By Seán Creedon

Long before the arrival of ‘Women’s Lib’ in Ireland we had a female racing driver called Rosemary Smith, who was well able to compete in the mostly male world of car racing.

In the 1960s, and 1970s, one of the biggest sporting events in Ireland at Easter time was the Circuit of Ireland Rally. As children, we found a safe place, preferably near a sharp bend on the narrow roads near our house in east Kerry, while the drivers and their co-drivers tried to navigate their way to an overnight stop in Killarney.

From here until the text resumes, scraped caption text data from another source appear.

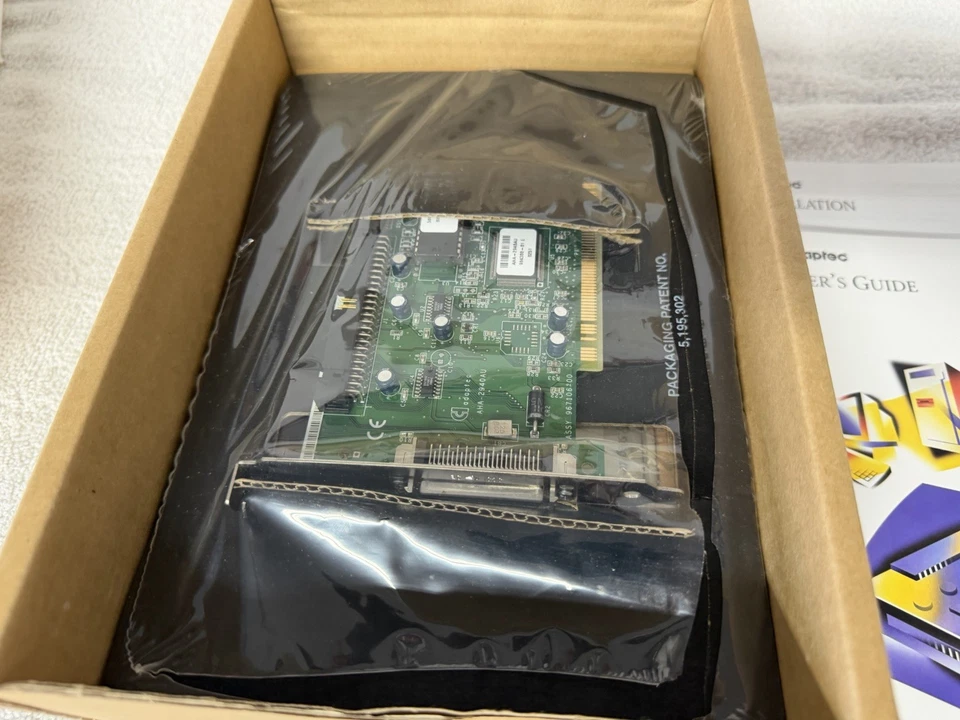 Adaptec AHA-2940 Ultra High-Performance PCI to Ultra SCSI Host Adapter - - Image 3 of 4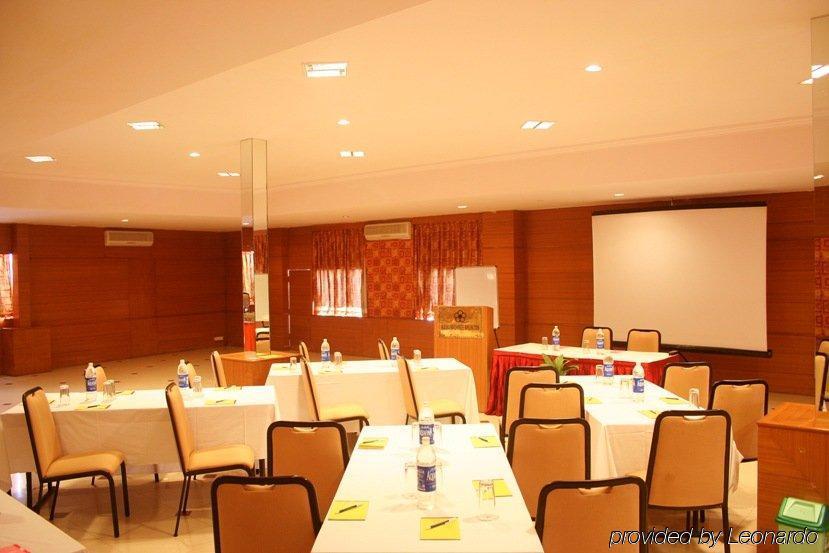 Hotel Ramanashree Brunton Bangalore Facilidades foto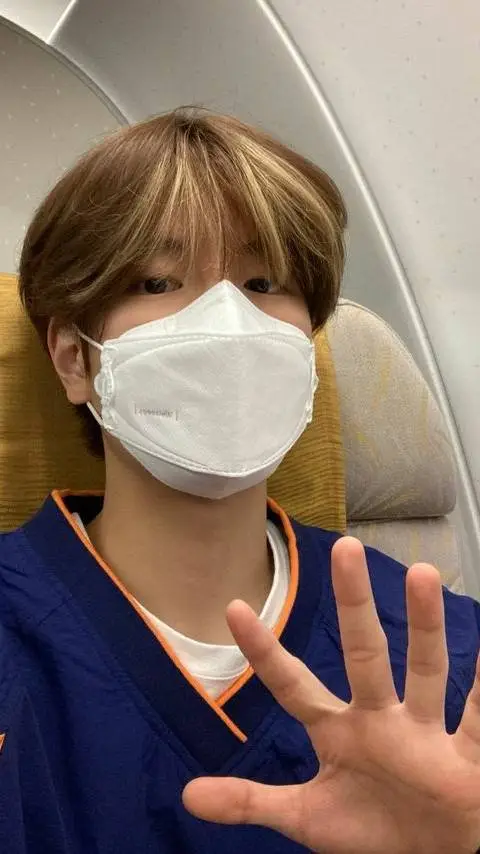 ai character: 💮!-seungmin-!🐾 background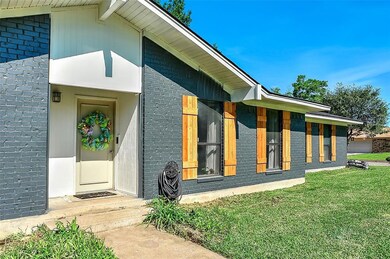 2135 N Village Dr, Bonham, TX 75418 - photo 4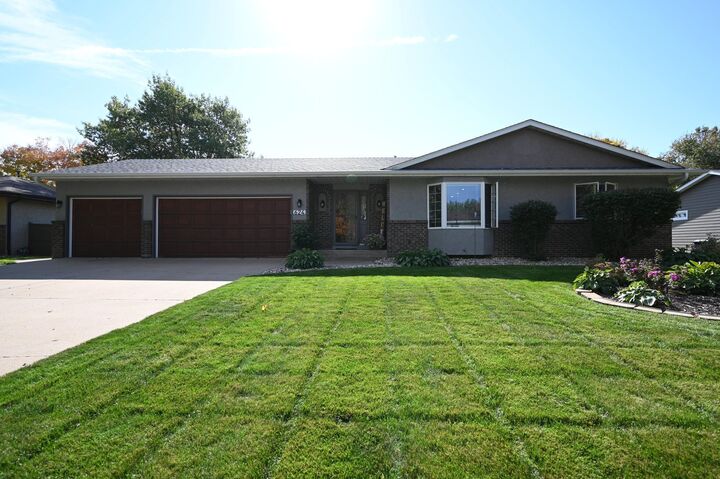 Property Photo:  624 Hennes Avenue  MN 55379 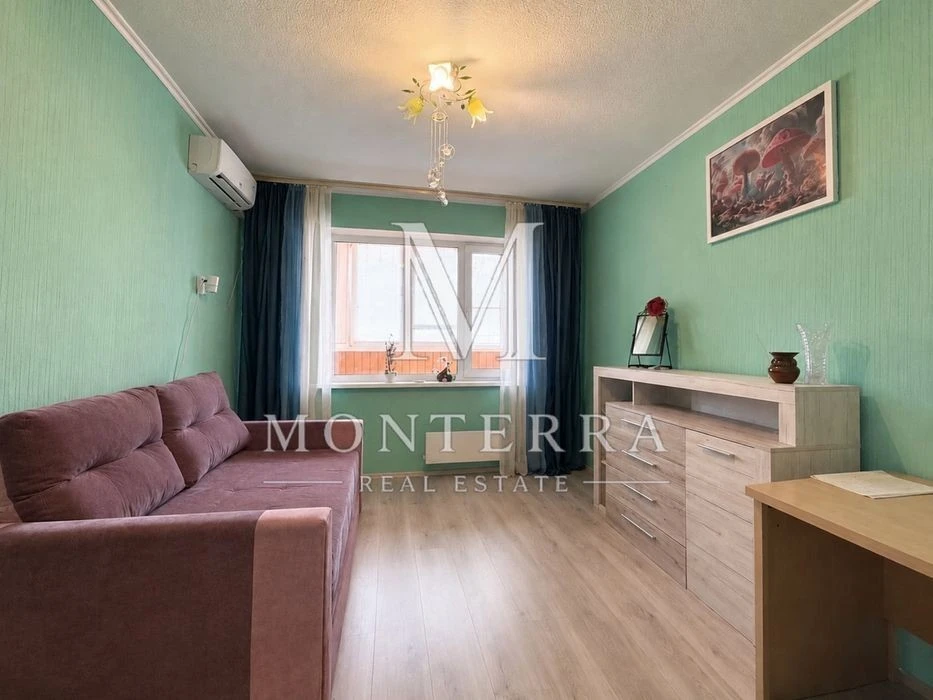 For sale 2-room apartment with renovation, 1st floor, Troyeshchyna Avenue.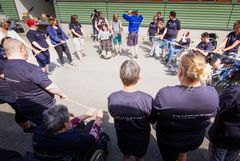 FOR ALLE. Gerlev Center for Leg & Bevægelse har solid erfaring i at tilpasse lege- og idrætsaktiviteter, så alle deltage på deres egen måde.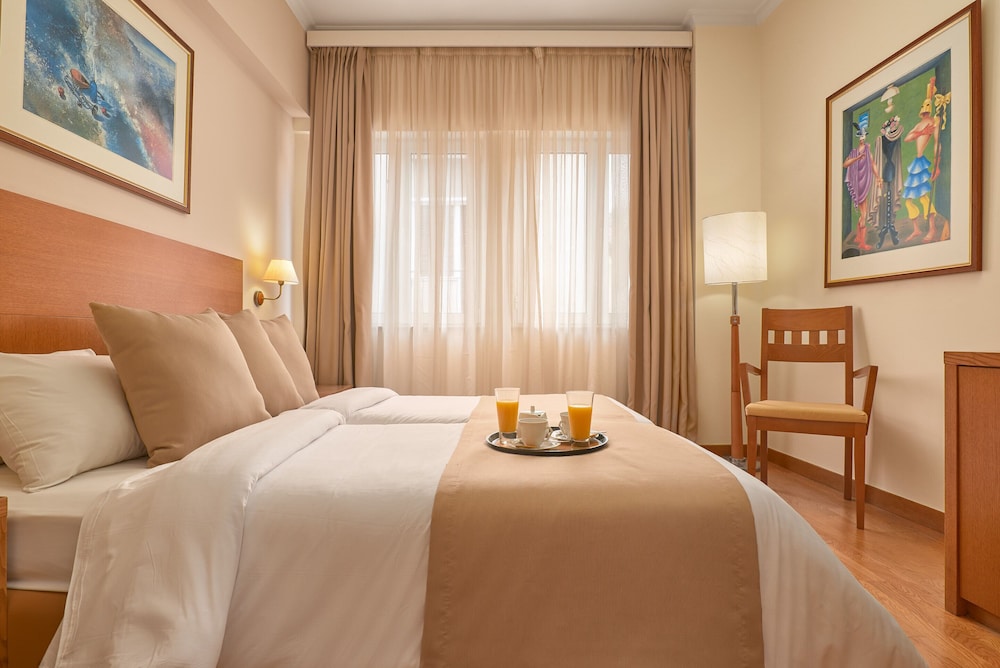 Double or Twin Room photo 2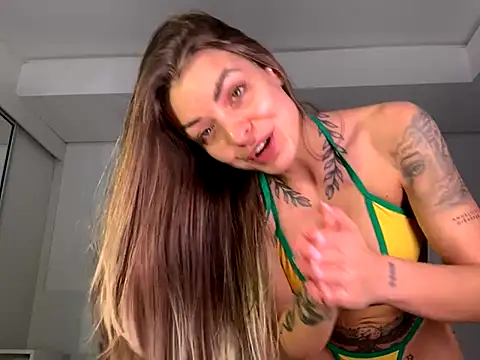 azimmer   online show from October 2025 06:16:02 PM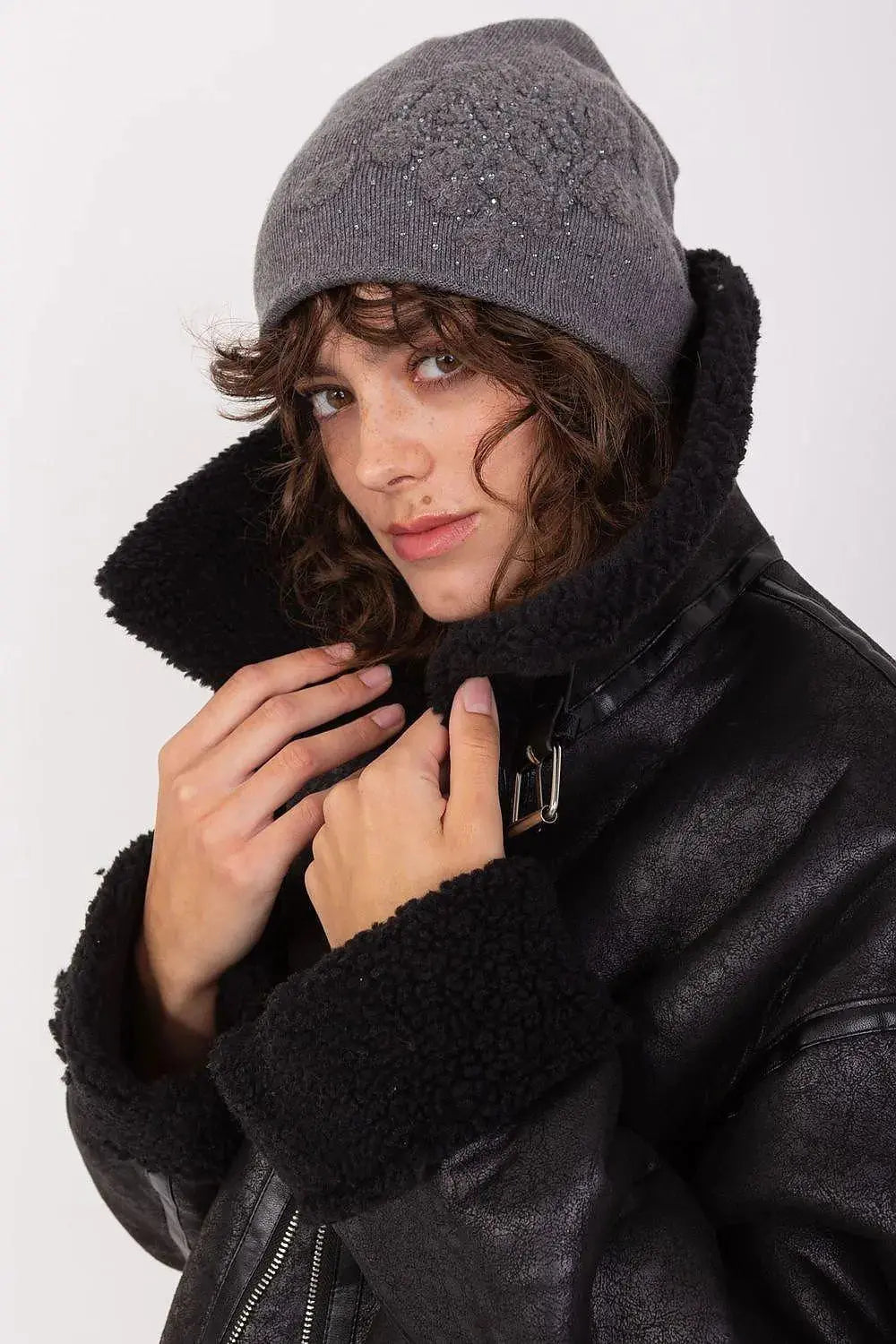 AT Cap model 191109  Adomoo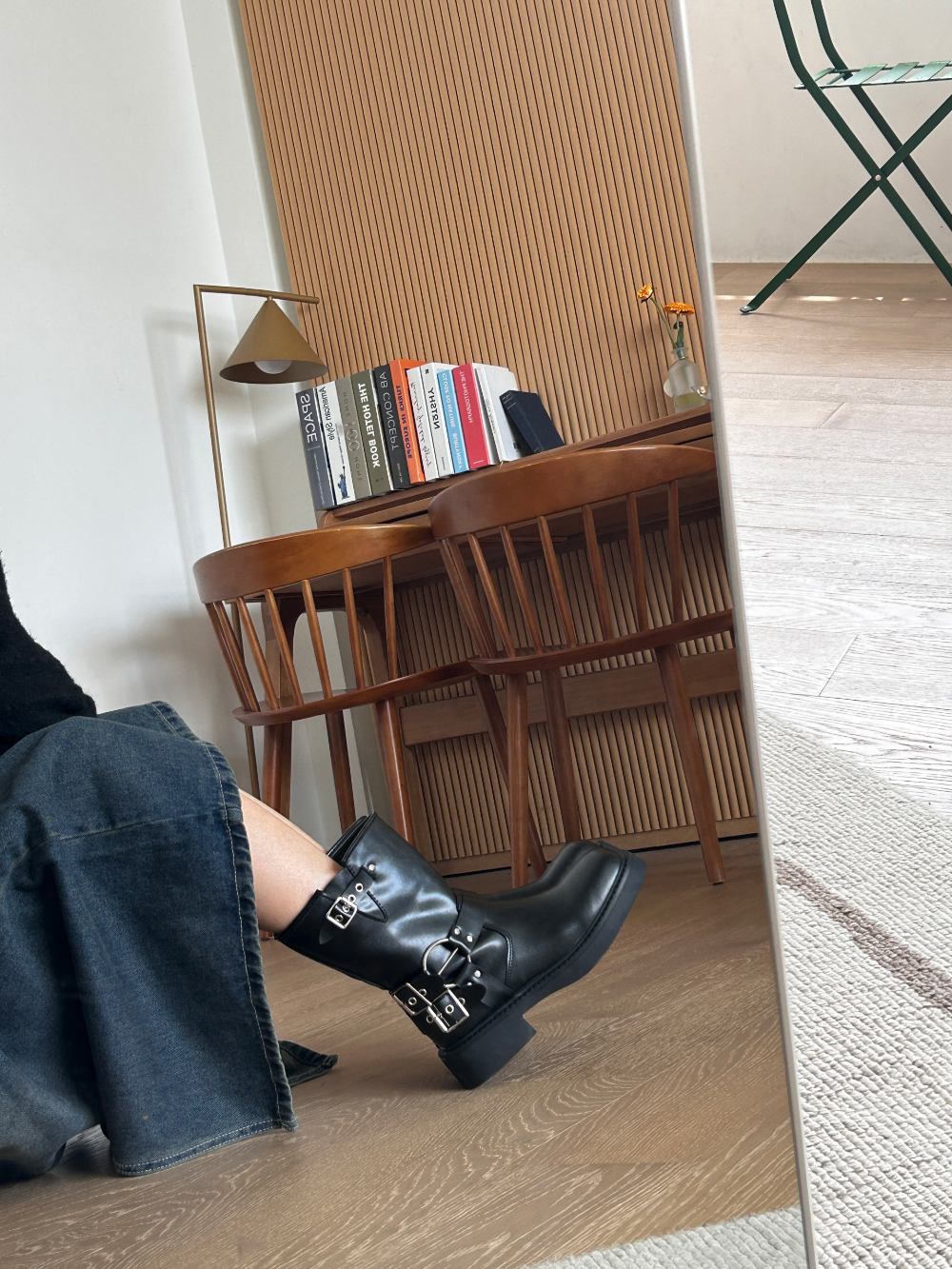 신발 모델 착용 이미지-S14L4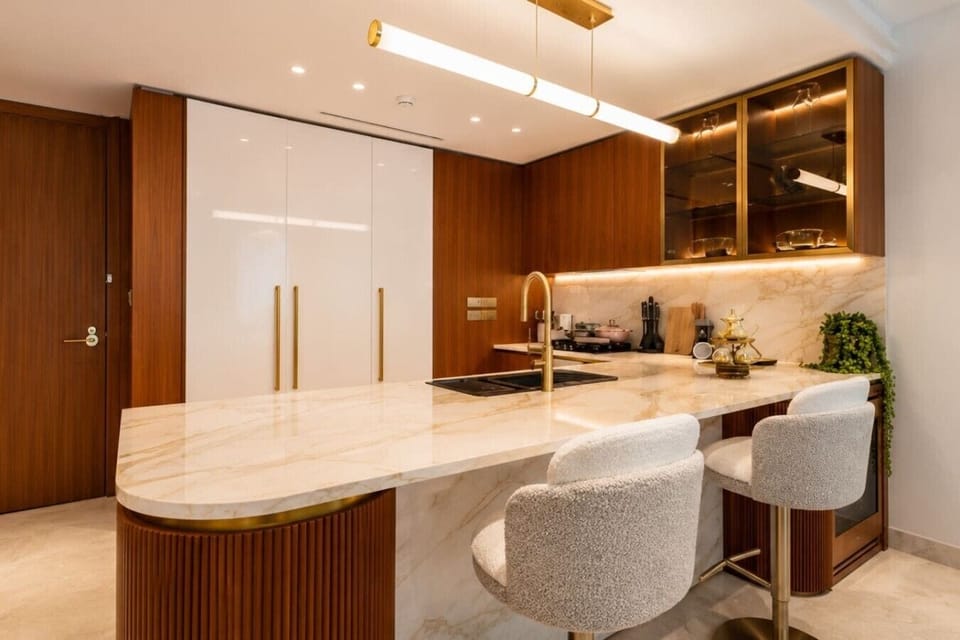 Luxury Apartment, 2 Bedrooms, Balcony, Beachside | Private kitchen | Fridge, microwave, oven, dishwasher
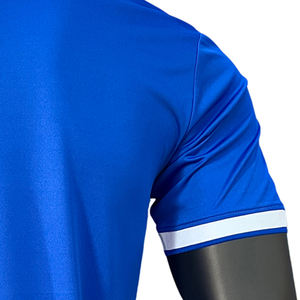 เสื้อฟุตบอลโพลีเอสเตอร์ของผู้ชายชุดตาข่ายระบายอากาศได้ดีพร้อมกางเกงขาสั้นสำหรับฤดูหนาว - Product Image 6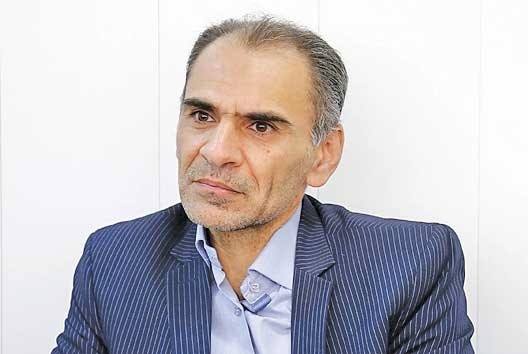 جامعه دو قطبی شده است؛ اکثریت فقیر در برابر اقلیت ثروتمند
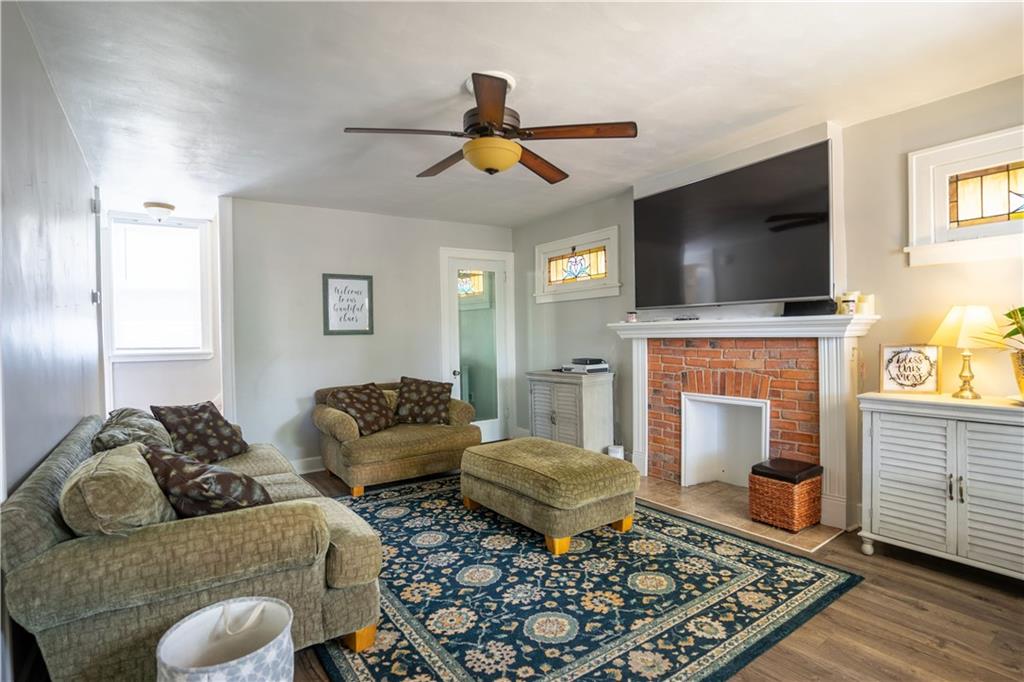 150 Hornaday Road Pittsburgh, PA 15210 - Photo 4 of 24 Gallery Image 4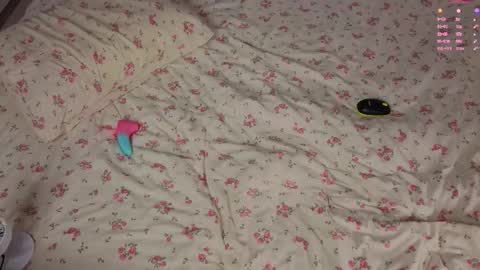 Nancy  Please thumbs up me  online show from 11-28-25, 07:44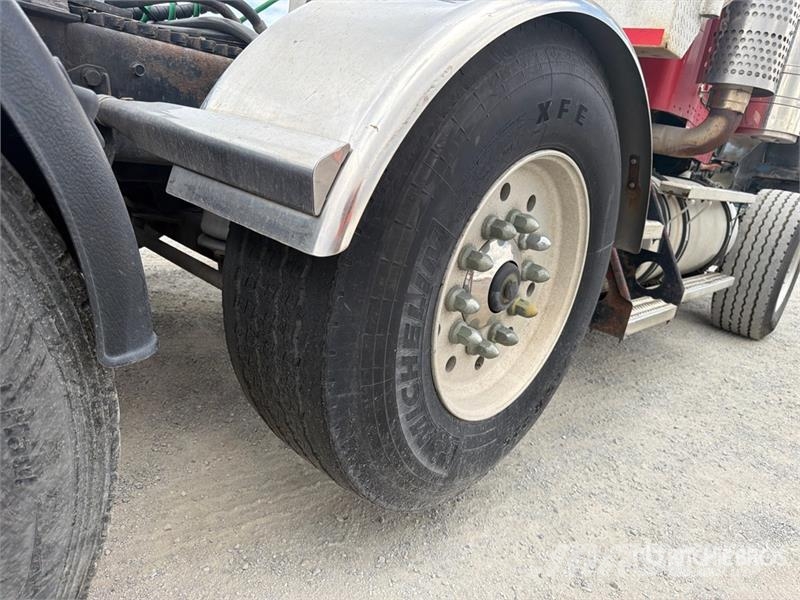 Kenworth W900B Влекачи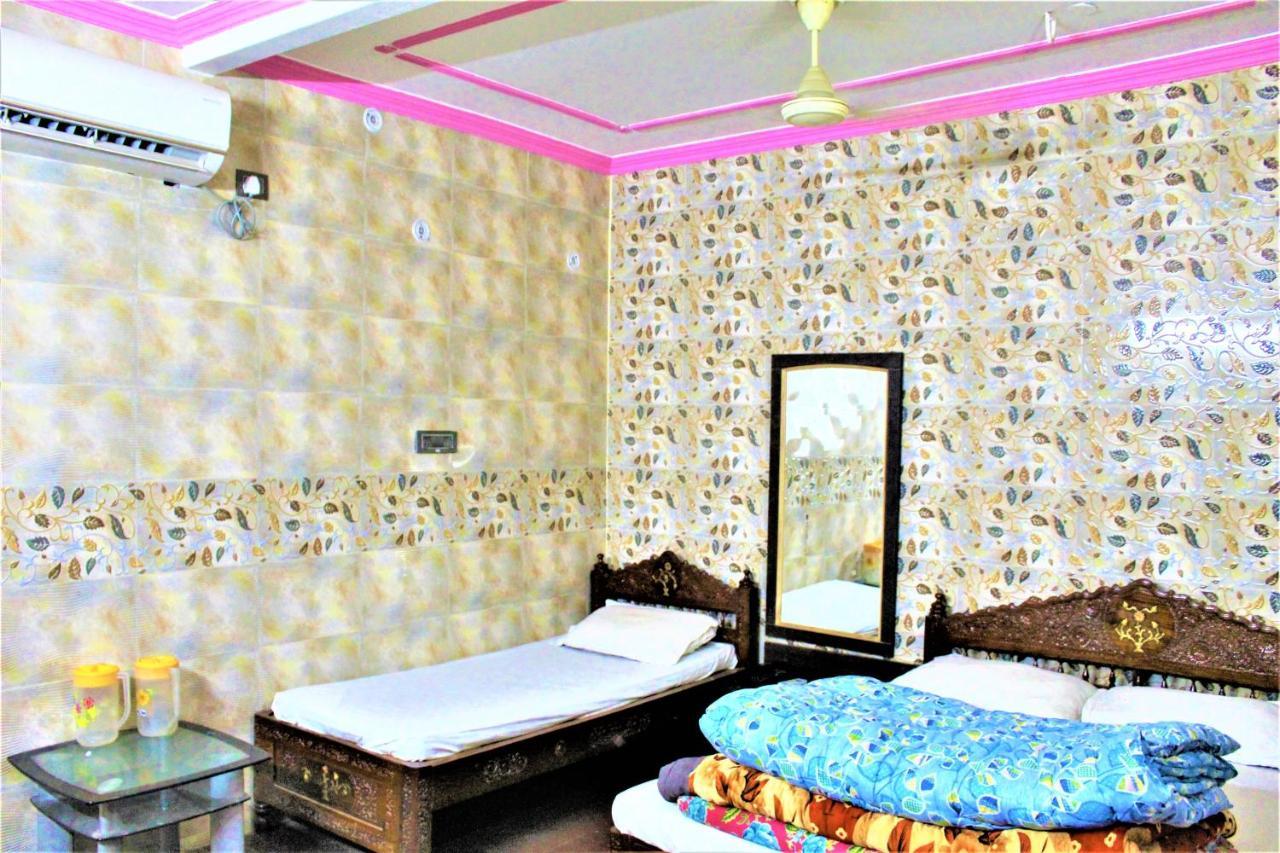 نيودلهي Central Guest House , Walk In Dargah & Markaz المظهر الخارجي الصورة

Paddy Hopkirk from Belfast was the big name in the Sixties, as was Millstreet’s Billy Coleman. But also in contention was a young lady from Dublin named Rosemary Smith, who certainly attracted most of the male attention. Fast forward then to a cafe in County Kildare and I am slightly overawed sitting across the table from this elegant lady, now in her seventies, who has spent almost all of her life in the motoring business.
Motor Racing was in Rosemary’s blood. Her father John Metcalf Smith owned a garage in Rathmines in South Dublin, and used to race cars at weekends. As a teenager, Rosemary often went to see her father and her elder brother Roger compete in races in Dublin, Kildare, Meath and in the North of Ireland.
She was only 16 when she left Loreto Convent in Rathfarnham.

Rosemary trained a dress designer in the Grafton Academy and opened her own business on South Anne Street, Dublin, where one of her first customers was Delphine Bigger, who owned the ‘Coffee Inn’ across the street. Delphine’s husband Frank had won the 1956 Monte Carlo Rally.